Category Archives: Global Trade

Nearsourcers – Is Brazil in Your Future?

I’ve been on a nearsourcing kick for a while now because I never really believed in the outsourcing craze (and the outsourcing craze to China in particular) as it’s just not rational that it should be cheaper to source the vast majority of products from half way around the world. Now, it was for a while, but I’m blaming that on ignorance and incompetence and not what pseudo-economists like to call “market reality”. Let’s face it, fuel is expensive. Labor is expensive … and if you need trucks, boats, and trains to ship your product, that requires lots of extra labor to load and unload. And lead-time is expensive. Who knows where the market is going to move during the 35 days it takes the product to reach your warehouse? You might end up with a lot of unmoveable inventory and that’s going to cost you. (So unless you can air-freight affordably and without a lot of environmental damage, and unless the other factors Dick pointed out in his recent post on Nearshoring are met, outsourcing half-way around the world just isn’t a good idea.) And if we’re as smart as we’re supposed to be, we should be able to innovate a way to produce the (vast) majority of products more cost effectively close to (if not at) home. (If we can’t, shame on us.)
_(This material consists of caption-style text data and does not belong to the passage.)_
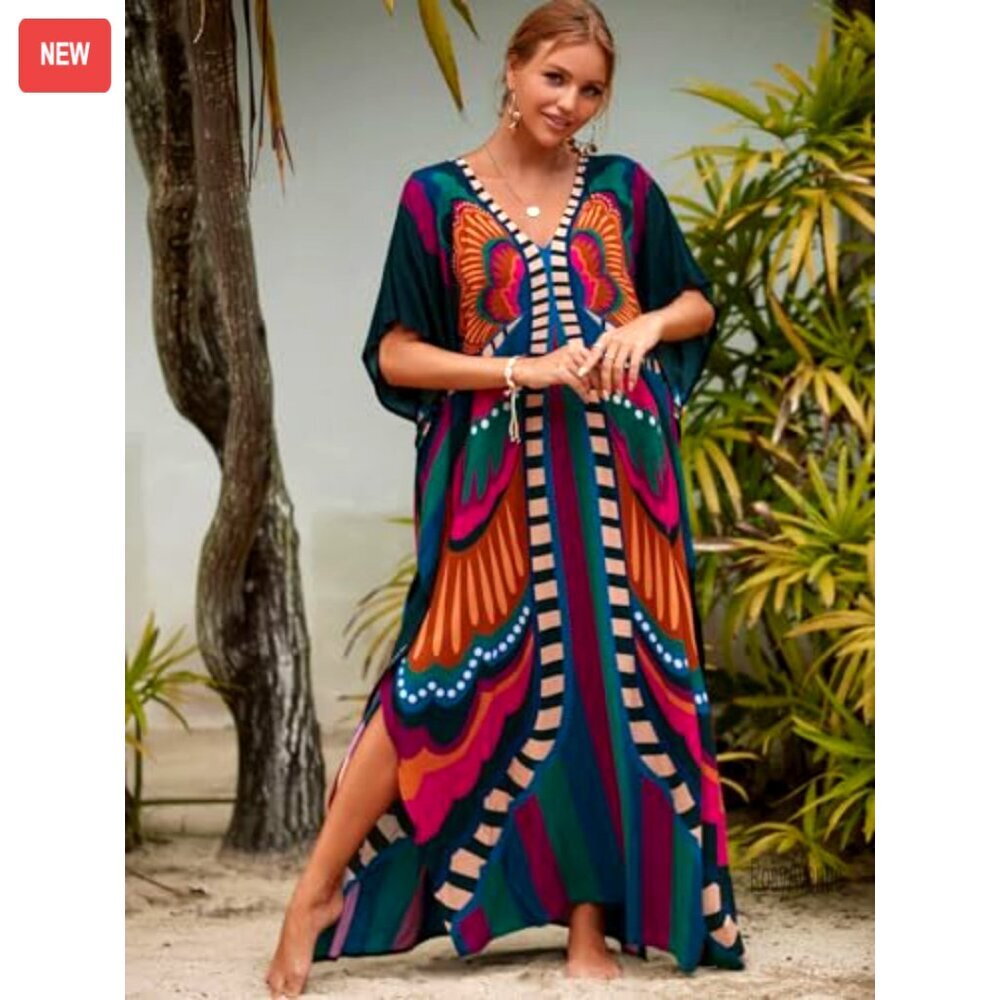 Plus Size Kaftan Maxi Beach Dress Cover Up Flowing Synthetic Silk - Picture 7 of 8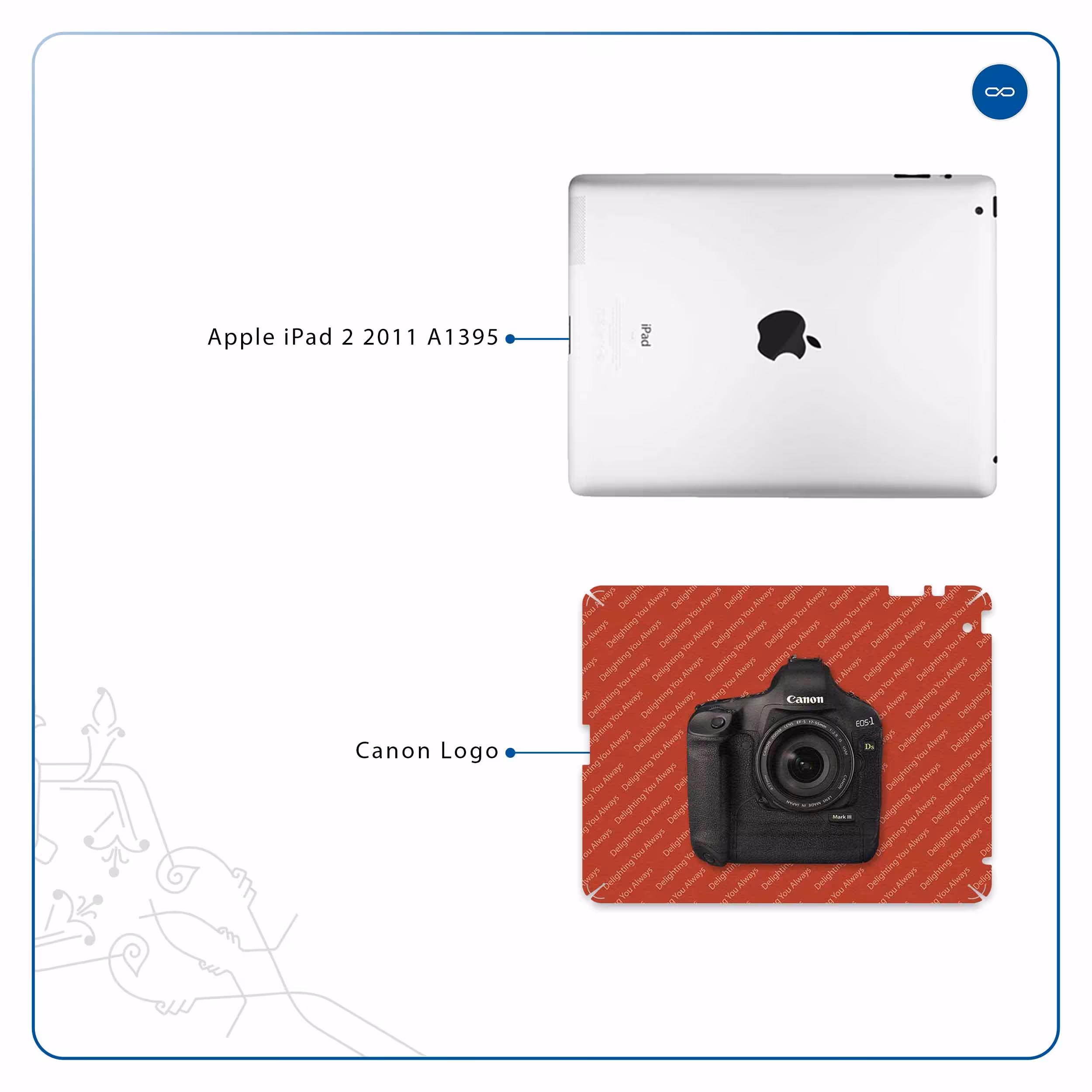 برچسب پوششی ماهوت مدل Canon-Logo مناسب برای تبلت اپل iPad 2 2011 A1395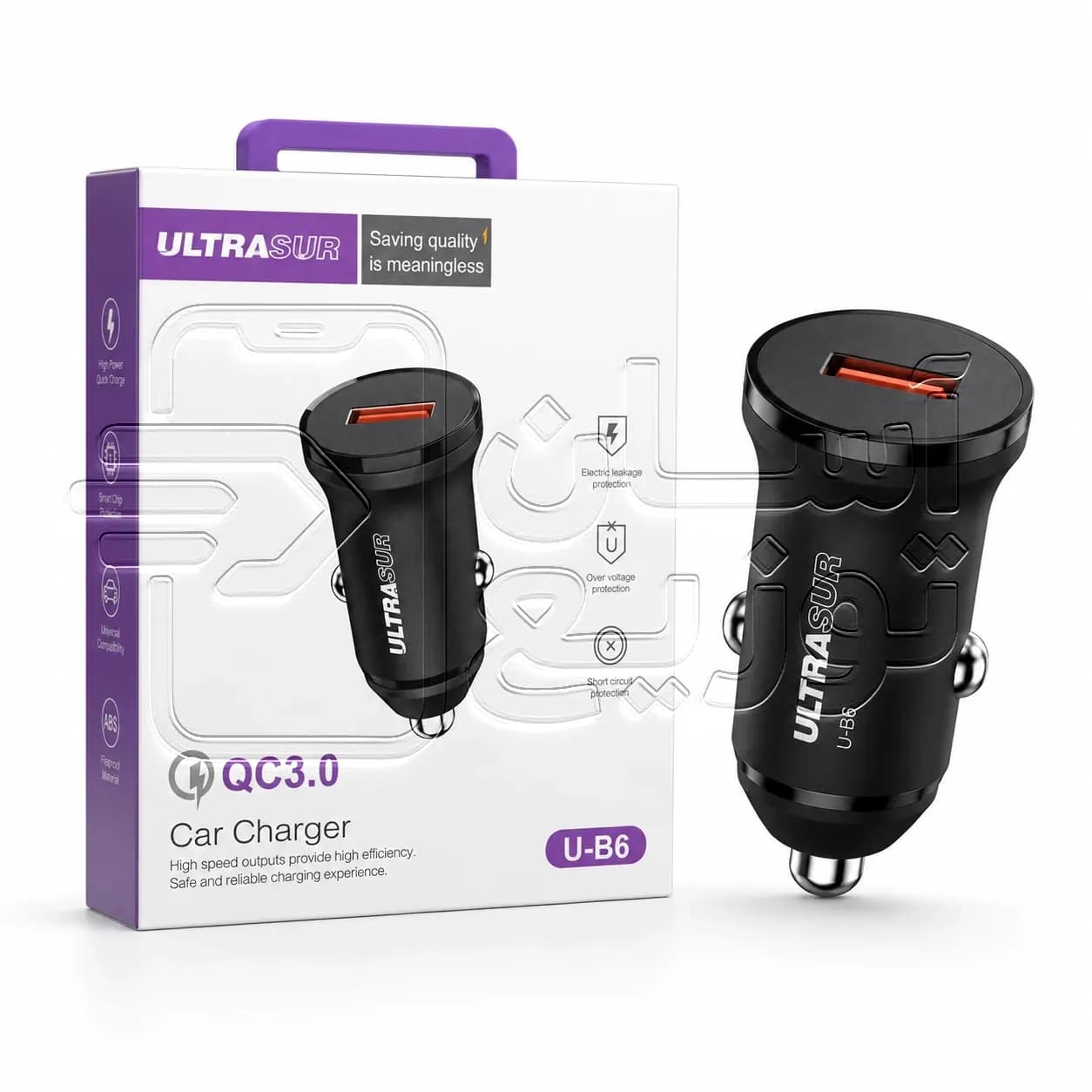 شارژر فندکی تک پورت USB اولتراسور Ultrasur مدل U-B6 — تصویر ۲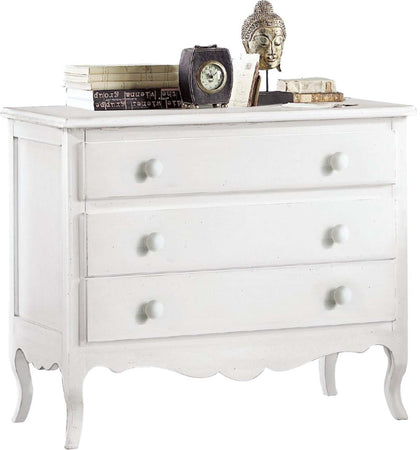 MOBILI-2G---COMO'-3-CASSETTI-CLASSICO-SAGOMATO-BIANCO-107x52X89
Now, my thoughts were that the rising cost of oil and the rising cost of labor in the former “low-cost” countries would push us back to Mexico — which received a lot of investment before the China craze, which has a lot of excess capacity, and which has a good understanding of our needs — but after reading this recent special report on business and finance in Brazil in the Economist, I’m wondering whether or not Brazil should be getting more attention.

For what might be the first time in modern history, Brazil is democratic, experiencing economic growth, and realizing low inflation. If the trend continues, it could be one of the world’s five biggest economies by the middle of the century. It’s already self-sufficient in oil, it’s government paper is classified as investment grade by all three of the main rating agencies, it is now lending money to the IMF (which was wary of lending to Brazil but a decade ago), and FDI in Brazil is up 30% year-over-year while the FDI global average is -14%. Plus, GDP outpaced inflation in Brazil in 2006 for the first time in over 50 years.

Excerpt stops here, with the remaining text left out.